[TASK DETAILS] An exact copy of every record is the required answer.

Short descriptive text snippets
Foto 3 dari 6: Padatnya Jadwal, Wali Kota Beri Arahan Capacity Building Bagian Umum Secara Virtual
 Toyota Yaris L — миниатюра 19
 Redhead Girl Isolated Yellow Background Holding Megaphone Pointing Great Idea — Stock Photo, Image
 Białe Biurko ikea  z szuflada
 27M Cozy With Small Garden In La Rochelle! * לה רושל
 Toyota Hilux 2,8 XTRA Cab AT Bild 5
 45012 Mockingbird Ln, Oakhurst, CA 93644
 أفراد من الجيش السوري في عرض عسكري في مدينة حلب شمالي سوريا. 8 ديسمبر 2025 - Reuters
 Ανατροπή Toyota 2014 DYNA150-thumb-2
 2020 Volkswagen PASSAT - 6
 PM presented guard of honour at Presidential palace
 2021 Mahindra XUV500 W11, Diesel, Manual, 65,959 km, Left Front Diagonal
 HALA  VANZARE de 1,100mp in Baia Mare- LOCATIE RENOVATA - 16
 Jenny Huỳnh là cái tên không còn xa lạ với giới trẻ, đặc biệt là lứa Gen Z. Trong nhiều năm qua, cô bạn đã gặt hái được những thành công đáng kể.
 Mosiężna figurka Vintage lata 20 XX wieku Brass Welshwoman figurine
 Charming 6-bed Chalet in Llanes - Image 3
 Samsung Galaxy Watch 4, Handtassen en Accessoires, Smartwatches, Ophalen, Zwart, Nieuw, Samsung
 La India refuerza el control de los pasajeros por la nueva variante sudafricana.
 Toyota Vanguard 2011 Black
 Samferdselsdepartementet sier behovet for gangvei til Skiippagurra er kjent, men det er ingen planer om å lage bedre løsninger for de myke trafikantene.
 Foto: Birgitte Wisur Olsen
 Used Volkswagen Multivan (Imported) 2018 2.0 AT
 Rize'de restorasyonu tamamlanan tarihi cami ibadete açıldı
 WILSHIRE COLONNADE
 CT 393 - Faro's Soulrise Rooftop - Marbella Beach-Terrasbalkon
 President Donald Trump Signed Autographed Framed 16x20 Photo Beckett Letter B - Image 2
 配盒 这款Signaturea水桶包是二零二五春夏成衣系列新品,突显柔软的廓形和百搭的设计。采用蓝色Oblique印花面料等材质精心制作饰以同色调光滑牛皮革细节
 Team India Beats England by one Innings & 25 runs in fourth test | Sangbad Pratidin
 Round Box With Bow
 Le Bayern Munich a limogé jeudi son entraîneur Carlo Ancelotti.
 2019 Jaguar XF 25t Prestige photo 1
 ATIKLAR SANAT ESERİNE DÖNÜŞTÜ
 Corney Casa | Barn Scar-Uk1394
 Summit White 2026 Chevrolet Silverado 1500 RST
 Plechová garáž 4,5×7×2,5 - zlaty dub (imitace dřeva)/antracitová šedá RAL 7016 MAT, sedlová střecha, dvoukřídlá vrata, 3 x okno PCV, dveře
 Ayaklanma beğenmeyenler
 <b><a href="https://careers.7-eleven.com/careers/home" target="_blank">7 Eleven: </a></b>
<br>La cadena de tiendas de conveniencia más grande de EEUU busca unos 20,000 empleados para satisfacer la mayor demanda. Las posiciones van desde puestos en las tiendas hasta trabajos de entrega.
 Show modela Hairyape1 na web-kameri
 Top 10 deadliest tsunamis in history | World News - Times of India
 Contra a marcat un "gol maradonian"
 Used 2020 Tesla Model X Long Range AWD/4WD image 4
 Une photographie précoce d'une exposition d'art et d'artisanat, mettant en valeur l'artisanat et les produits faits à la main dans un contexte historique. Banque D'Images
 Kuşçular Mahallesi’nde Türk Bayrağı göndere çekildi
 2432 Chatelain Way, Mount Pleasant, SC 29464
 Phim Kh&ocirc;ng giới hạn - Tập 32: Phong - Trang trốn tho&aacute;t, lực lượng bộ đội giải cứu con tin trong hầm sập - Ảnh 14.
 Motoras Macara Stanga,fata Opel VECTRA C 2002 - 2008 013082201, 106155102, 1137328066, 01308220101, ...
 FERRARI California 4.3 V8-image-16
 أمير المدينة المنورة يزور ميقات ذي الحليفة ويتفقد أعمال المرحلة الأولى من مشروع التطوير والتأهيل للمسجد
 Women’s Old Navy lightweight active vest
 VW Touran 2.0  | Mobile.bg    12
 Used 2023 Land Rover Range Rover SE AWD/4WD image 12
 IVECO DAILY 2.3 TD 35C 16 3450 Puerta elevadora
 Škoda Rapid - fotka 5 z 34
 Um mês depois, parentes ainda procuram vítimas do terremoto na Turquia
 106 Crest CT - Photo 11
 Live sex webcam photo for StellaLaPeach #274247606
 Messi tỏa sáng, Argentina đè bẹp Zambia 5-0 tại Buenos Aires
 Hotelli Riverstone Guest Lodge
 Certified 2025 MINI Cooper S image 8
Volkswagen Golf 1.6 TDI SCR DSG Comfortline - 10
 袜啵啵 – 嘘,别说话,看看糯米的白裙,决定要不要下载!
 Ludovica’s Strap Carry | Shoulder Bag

[RESULT BELOW]
Foto 3 dari 6: Padatnya Jadwal, Wali Kota Beri Arahan Capacity Building Bagian Umum Secara Virtual
 Toyota Yaris L — миниатюра 19
 Redhead Girl Isolated Yellow Background Holding Megaphone Pointing Great Idea — Stock Photo, Image
 Białe Biurko ikea  z szuflada
 27M Cozy With Small Garden In La Rochelle! * לה רושל
 Toyota Hilux 2,8 XTRA Cab AT Bild 5
 45012 Mockingbird Ln, Oakhurst, CA 93644
 أفراد من الجيش السوري في عرض عسكري في مدينة حلب شمالي سوريا. 8 ديسمبر 2025 - Reuters
 Ανατροπή Toyota 2014 DYNA150-thumb-2
 2020 Volkswagen PASSAT - 6
 PM presented guard of honour at Presidential palace
 2021 Mahindra XUV500 W11, Diesel, Manual, 65,959 km, Left Front Diagonal
 HALA  VANZARE de 1,100mp in Baia Mare- LOCATIE RENOVATA - 16
 Jenny Huỳnh là cái tên không còn xa lạ với giới trẻ, đặc biệt là lứa Gen Z. Trong nhiều năm qua, cô bạn đã gặt hái được những thành công đáng kể.
 Mosiężna figurka Vintage lata 20 XX wieku Brass Welshwoman figurine
 Charming 6-bed Chalet in Llanes - Image 3
 Samsung Galaxy Watch 4, Handtassen en Accessoires, Smartwatches, Ophalen, Zwart, Nieuw, Samsung
 La India refuerza el control de los pasajeros por la nueva variante sudafricana.
 Toyota Vanguard 2011 Black
 Samferdselsdepartementet sier behovet for gangvei til Skiippagurra er kjent, men det er ingen planer om å lage bedre løsninger for de myke trafikantene.
 Foto: Birgitte Wisur Olsen
 Used Volkswagen Multivan (Imported) 2018 2.0 AT
 Rize'de restorasyonu tamamlanan tarihi cami ibadete açıldı
 WILSHIRE COLONNADE
 CT 393 - Faro's Soulrise Rooftop - Marbella Beach-Terrasbalkon
 President Donald Trump Signed Autographed Framed 16x20 Photo Beckett Letter B - Image 2
 配盒 这款Signaturea水桶包是二零二五春夏成衣系列新品,突显柔软的廓形和百搭的设计。采用蓝色Oblique印花面料等材质精心制作饰以同色调光滑牛皮革细节
 Team India Beats England by one Innings & 25 runs in fourth test | Sangbad Pratidin
 Round Box With Bow
 Le Bayern Munich a limogé jeudi son entraîneur Carlo Ancelotti.
 2019 Jaguar XF 25t Prestige photo 1
 ATIKLAR SANAT ESERİNE DÖNÜŞTÜ
 Corney Casa | Barn Scar-Uk1394
 Summit White 2026 Chevrolet Silverado 1500 RST
 Plechová garáž 4,5×7×2,5 - zlaty dub (imitace dřeva)/antracitová šedá RAL 7016 MAT, sedlová střecha, dvoukřídlá vrata, 3 x okno PCV, dveře
 Ayaklanma beğenmeyenler
 <b><a href="https://careers.7-eleven.com/careers/home" target="_blank">7 Eleven: </a></b>
<br>La cadena de tiendas de conveniencia más grande de EEUU busca unos 20,000 empleados para satisfacer la mayor demanda. Las posiciones van desde puestos en las tiendas hasta trabajos de entrega.
 Show modela Hairyape1 na web-kameri
 Top 10 deadliest tsunamis in history | World News - Times of India
 Contra a marcat un "gol maradonian"
 Used 2020 Tesla Model X Long Range AWD/4WD image 4
 Une photographie précoce d'une exposition d'art et d'artisanat, mettant en valeur l'artisanat et les produits faits à la main dans un contexte historique. Banque D'Images
 Kuşçular Mahallesi’nde Türk Bayrağı göndere çekildi
 2432 Chatelain Way, Mount Pleasant, SC 29464
 Phim Kh&ocirc;ng giới hạn - Tập 32: Phong - Trang trốn tho&aacute;t, lực lượng bộ đội giải cứu con tin trong hầm sập - Ảnh 14.
 Motoras Macara Stanga,fata Opel VECTRA C 2002 - 2008 013082201, 106155102, 1137328066, 01308220101, ...
 FERRARI California 4.3 V8-image-16
 أمير المدينة المنورة يزور ميقات ذي الحليفة ويتفقد أعمال المرحلة الأولى من مشروع التطوير والتأهيل للمسجد
 Women’s Old Navy lightweight active vest
 VW Touran 2.0  | Mobile.bg    12
 Used 2023 Land Rover Range Rover SE AWD/4WD image 12
 IVECO DAILY 2.3 TD 35C 16 3450 Puerta elevadora
 Škoda Rapid - fotka 5 z 34
 Um mês depois, parentes ainda procuram vítimas do terremoto na Turquia
 106 Crest CT - Photo 11
 Live sex webcam photo for StellaLaPeach #274247606
 Messi tỏa sáng, Argentina đè bẹp Zambia 5-0 tại Buenos Aires
 Hotelli Riverstone Guest Lodge
 Certified 2025 MINI Cooper S image 8
Volkswagen Golf 1.6 TDI SCR DSG Comfortline - 10
 袜啵啵 – 嘘,别说话,看看糯米的白裙,决定要不要下载!
 Ludovica’s Strap Carry | Shoulder Bag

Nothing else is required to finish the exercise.